Documenting architecture: an introduction

Hi, my name is Vladimir Ivanov and I am a software architect at EPAM. In my work, I constantly have to document software solutions that have to be created. I decided to share some aspects of this activity with you, because you too may find it useful.

How do you draw diagrams for your software? What questions should they answer? Why draw anything at all? Let’s figure it out.

One of the responsibilities of a solution architect is to document the architecture so that it can be communicated to all project stakeholders: project manager, CTO, project sponsor, development teams, QA and others. This is necessary in order to:

understand what components the system consists of;
how these components communicate with each other;
how and where the different elements are located;
whether the system as a whole meets the requirements.

Lack of this information can easily lead to missed project deadlines, overtime, or cancellation.

Photo by ThisisEngineering RAEng / Unsplash

LET’S CONSIDER EXAMPLES

Any software is pretty complex. And the first thing you can do to document it is try to draw some kind of diagram that includes everything. Of course, this attempt would immediately fail. Imagine we want to document some relatively simple solution, say My blog… It runs on Ghost CMS, data is stored in a MySQL database; Apache is used as a web server. The requests are processed by the web server, all requests are redirected from http to https and sent to the CMS. The CMS validates tokens and queries the content of the database, including pages, blog posts, and plugins. All three components run in a virtual machine in GCP on the default network in a separate organization. The system is available to readers, content managers who can add new content and edit the current one. System administrators can modify the system through the cloud console. If you include all this information in one diagram, this is what you get:

Perhaps someone will say that this is a pretty decent diagram, but it still has a number of disadvantages:

Overloaded. To answer a specific question, you need to look for details for a long time.
Incomplete. Try, based on the diagram, to answer the questions: in how many regions is the system deployed; the backup is created in a virtual machine or in a database; where the images are stored; how users are authenticated. You will not find the answers to these questions in the diagram.
Contradictory. Lots of incomprehensible conventions. What are green, blue and yellow rectangles for? What do they mean?

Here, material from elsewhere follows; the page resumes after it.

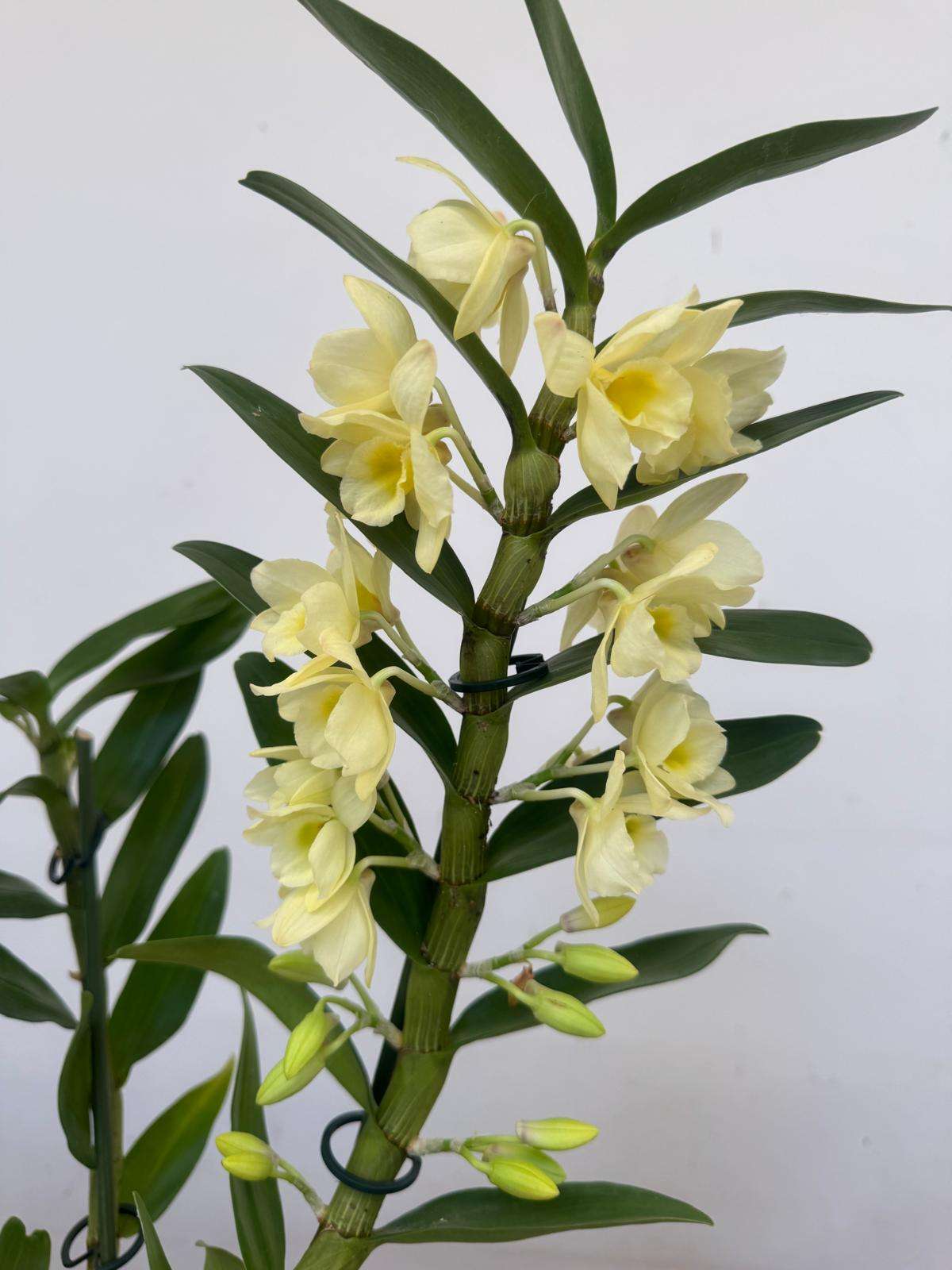 Dendrobium Nobile -V.12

I wanted to talk about architecture views and “viewpoints” as described in the book “Documenting software architecture” SEI, but it’s too academic. Therefore, I will reduce my thought to the following statements:

You cannot place all information in one image.
Moreover, you shouldn’t do it.
Instead, you provide a set of images so that each one is perfect for a specific stakeholder, person interested in your project.
There are several approaches to this (Modules-Components and Connectors-Distributions, Approach C4, etc.), it doesn’t matter which you choose. The main thing is that one person simultaneously receives as much information as possible in a minimum period of time.

SHARE THE CHALLENGES

If we talk about our system – a blog, then we have the following interested parties (they are also stakeholders):
Sponsor of the project,
Blog author,
· System Administrator,
· Content manager,
· The reader.

And each has its own requests:

It can be said that the project sponsor is not interested in charts at all: he only needs the operating cost in dollars. However, the sysadmin wants to see diagrams that answer the following questions:

Who does the system interact with?

This diagram is called a Context Diagram (C4 model), which shows exactly which agents the system communicates with. There is an Analytics block here. I forgot about it when I drew the first diagram, but looking at a certain level, you can focus on certain aspects and not miss anything.

How and where is the system deployed?

Deployment Diagram

In this diagram, you can see that the solution is deployed on the Google cloud platform, on one virtual machine in the same network within the same region, access is protected by cloud IAM. Basically, it answers the question of how much money the solution costs approximately ($ 20-30 per month, depending on the region and the size of the virtual machine), it can be seen that it does not scale well and requires redesign in case of a sharp increase in load. Also, there is no DB backup.
But this diagram does not show which components are deployed in the virtual machine, it needs a different one.
Thus, we focus on certain aspects at the same time. Agree, it’s much easier to understand information this way.

What is the functionality of the system?

This diagram shows which CMS blog features are available. For example, content managers and blog authors can create posts and pages, upload images, and embed third-party content. You can also see that the CMS itself performs user authentication.
It turns out that we were able to answer most of the questions using three simple diagrams.

SUMMARY

In this article, I wanted to show you how to identify issues and provide appropriate Views. Of course, in a really large project, there is still a lot to be done before the product goes into production, which is usually contained in a document called “Solution Architecture Documentation.” I will talk about this in the next publication.